Task directions
From the line containing "Food Truck prepares" through the last line of the entries below, print each line exactly. Pictures stay out.

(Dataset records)
◇ ◇ ◇ ◇
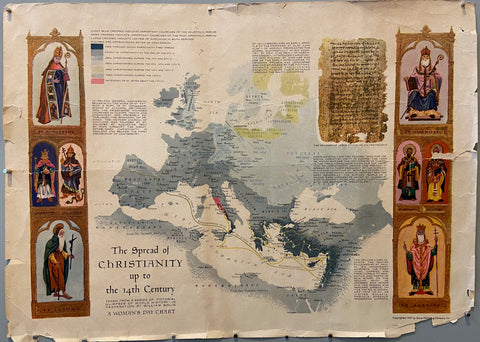 Link to The Spread of Christianity up to the 14th Century PosterU.S.A, 1947 Product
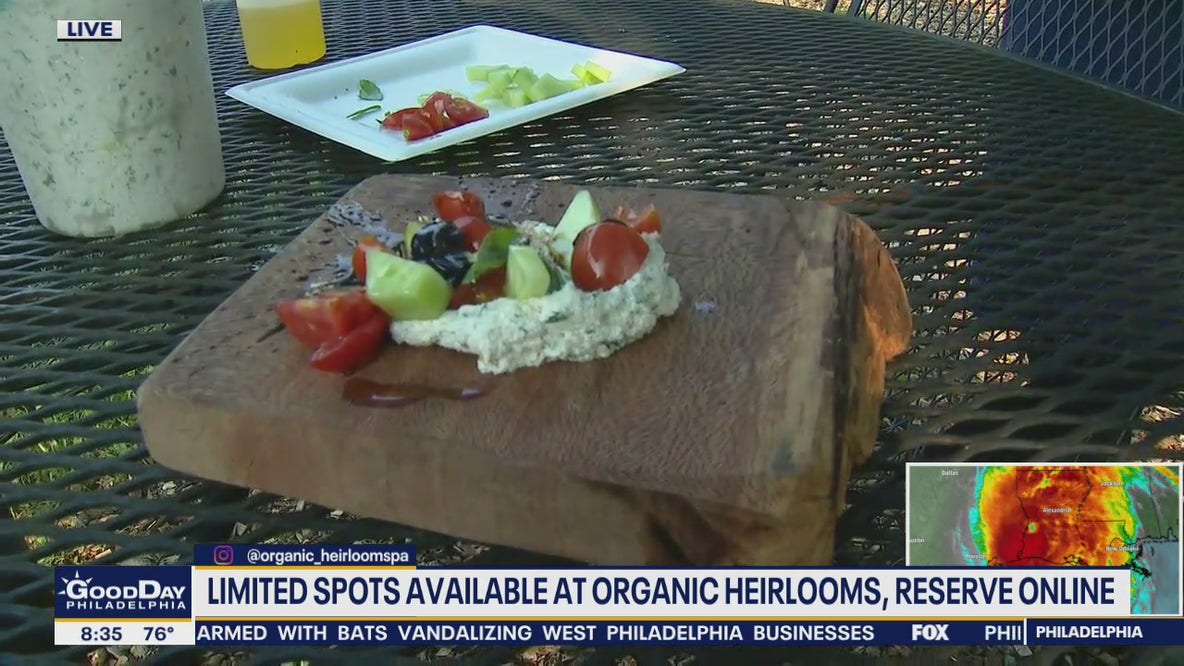 Food Truck prepares farm to table meals at Organic Heirlooms Farm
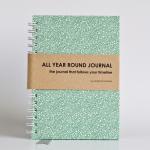 All Year Round Journal (unfilled dates / months / years) - Green Bubbles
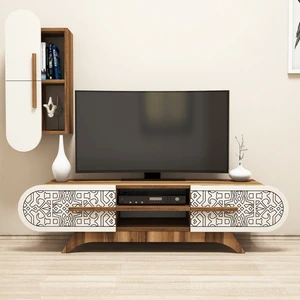 Variant Concept Defne Tv Ünitesi Ceviz - Ekru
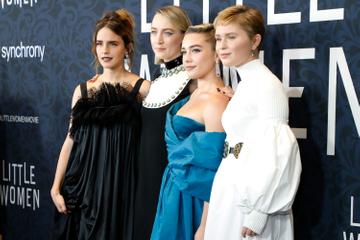 Emma Watson, Saoirse Ronan, Florence Pugh, and Eliza Scanlen attend the world premiere of "Little Women" at Museum of Modern Art on December 07, 2019 in New York City. (Photo by Taylor Hill/WireImage,)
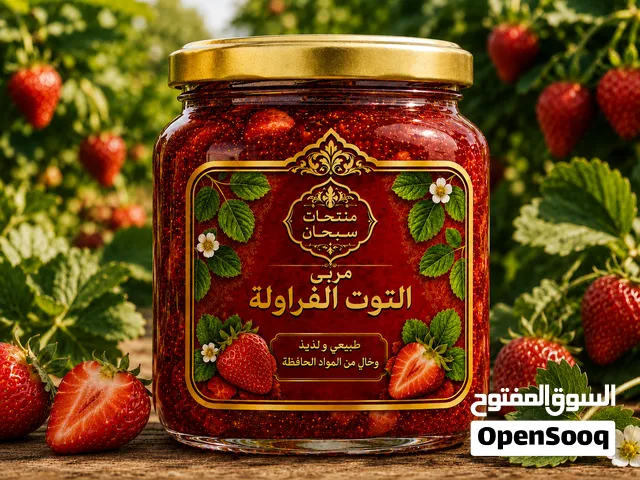 مربى الفراولة الإيراني المنزلي الفاخر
◇ ◇ ◇ ◇
Response
 Food Truck prepares farm to table meals at Organic Heirlooms Farm
 All Year Round Journal (unfilled dates / months / years) - Green Bubbles
 Variant Concept Defne Tv Ünitesi Ceviz - Ekru
 Emma Watson, Saoirse Ronan, Florence Pugh, and Eliza Scanlen attend the world premiere of "Little Women" at Museum of Modern Art on December 07, 2019 in New York City. (Photo by Taylor Hill/WireImage,)
 مربى الفراولة الإيراني المنزلي الفاخر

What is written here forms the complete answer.